Only Iowa and Louisiana, among the 50 states, had higher turnout rates than four years ago. States with the highest turnout rates were either "battleground states" — where media expenditures and campaign activity were strongest — or had high-visibility races below the presidential level. This was the case, for instance, in Massachusetts, where Democrat Elizabeth Warren defeated incumbent Republican Scott Brown in a tightly contested U.S. Senate race. The lowest turnout rate nationally was in Obama's home state of Hawaii. where only 43.6 percent of eligible voters cast ballots.

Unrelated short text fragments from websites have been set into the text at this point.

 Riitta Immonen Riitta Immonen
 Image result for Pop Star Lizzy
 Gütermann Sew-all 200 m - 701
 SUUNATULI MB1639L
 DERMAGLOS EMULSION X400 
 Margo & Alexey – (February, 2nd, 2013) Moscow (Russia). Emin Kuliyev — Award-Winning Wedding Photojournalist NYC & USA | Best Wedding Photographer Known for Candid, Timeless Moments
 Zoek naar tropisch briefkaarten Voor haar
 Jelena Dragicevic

Will this lowered participation rate continue? We'll have to examine the 2014 midterm and 2016 presidential-election data to know. But I, for one, was surprised to find the rate falling as it did this year. I'd have bet strongly otherwise before Election Day.

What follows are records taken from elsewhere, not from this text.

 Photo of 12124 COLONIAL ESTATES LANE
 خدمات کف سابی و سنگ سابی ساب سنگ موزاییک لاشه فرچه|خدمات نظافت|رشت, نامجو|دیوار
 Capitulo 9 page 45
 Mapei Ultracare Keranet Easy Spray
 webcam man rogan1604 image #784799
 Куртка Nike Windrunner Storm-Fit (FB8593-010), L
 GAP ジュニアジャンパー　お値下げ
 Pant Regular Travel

Voting patterns reflected changing demographics: The groups carried by Romney would have been more than sufficient in earlier years to bring him a one-sided victory. He carried the following constituencies: white voters, male voters, voters older than 45, married voters, college graduates, those with incomes above $50,000, independents, conservatives, Republicans, suburbanites, small-town and rural voters, Protestants, and regular churchgoers. But Obama won majorities among women voters, voters younger than 45, black, Asian, Latino, Catholic and Jewish voters, gay voters, unmarried voters, working mothers and parents of children under 18, high-school-educated-or-less voters, the postgraduate-educated, those with incomes below $50,000, Democrats, liberals, moderates, and urban voters. There, of course, are overlaps among all these voting groups.

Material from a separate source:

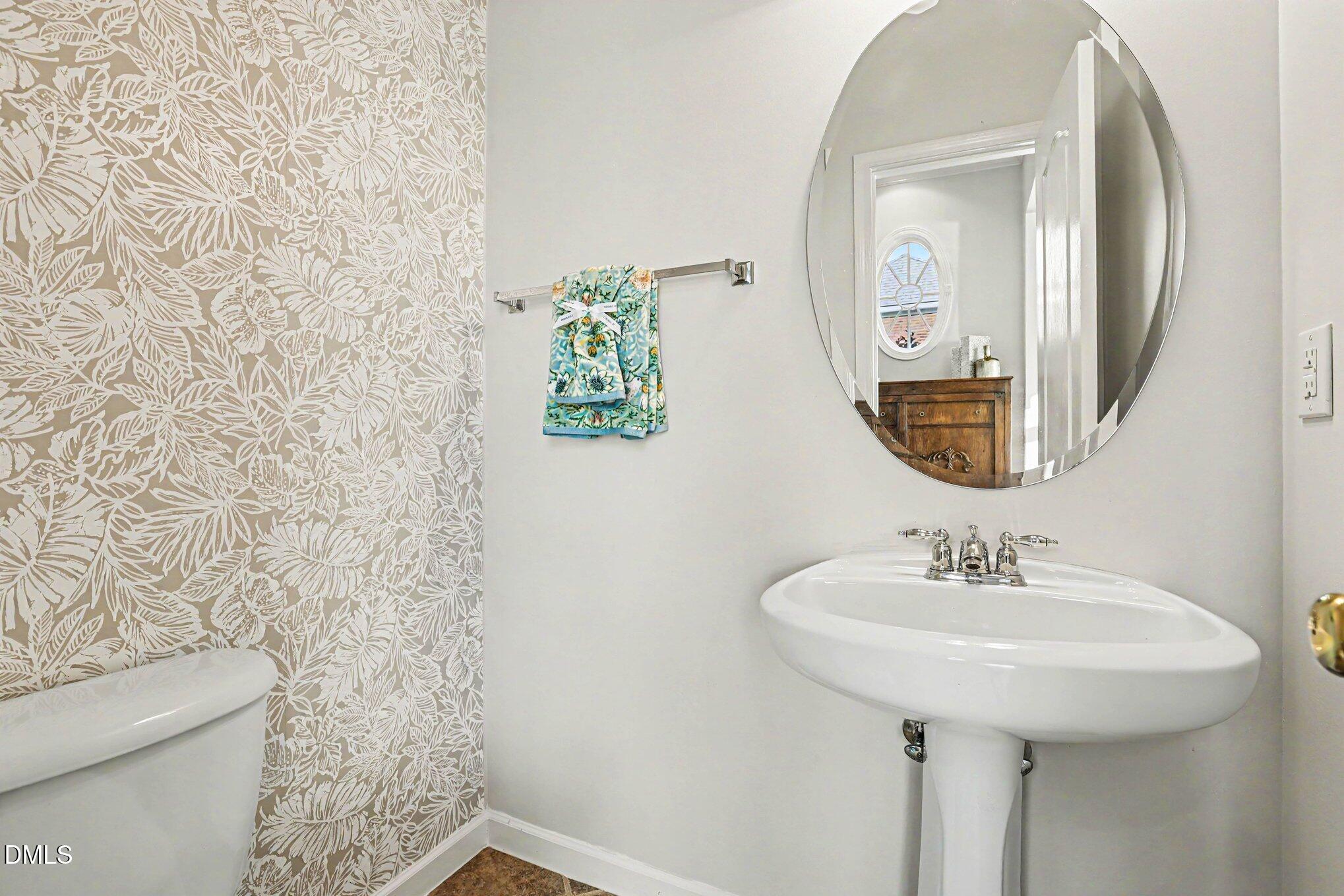 3110 Elm Tree Lane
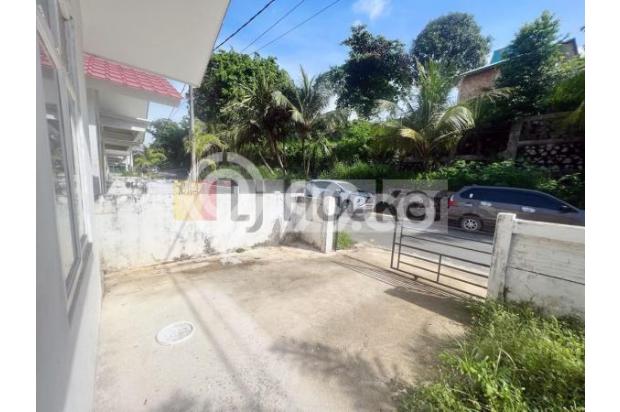 Perumahan Bali Residence Siap Huni Di Bengkong Dalam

Latino voters were big difference-makers for Obama. He won 71 percent of the growing Latino vote. This, in part, could be laid to Romney's and Republicans' identification with tough immigration-law enforcement (as well as intense Democratic media and other campaigning in the constituency). I was surprised by Obama's percentages among Asian voters (73 percent) Jewish voters (69 percent) and, to a lesser degree, Catholics (50 percent). Asian and Catholic voters, as Latinos, are traditionally more family-oriented and associated with traditional values than the general electorate. The Catholic electorate has changed — with fewer regular, observant members — but the heavy number of Latinos among Catholics no doubt brought Obama his small margin there. Many Jewish voters had been concerned with the administration's tensions with the present Israeli government but, in the end, traditional party loyalty and liberal social values seem to have carried for Obama.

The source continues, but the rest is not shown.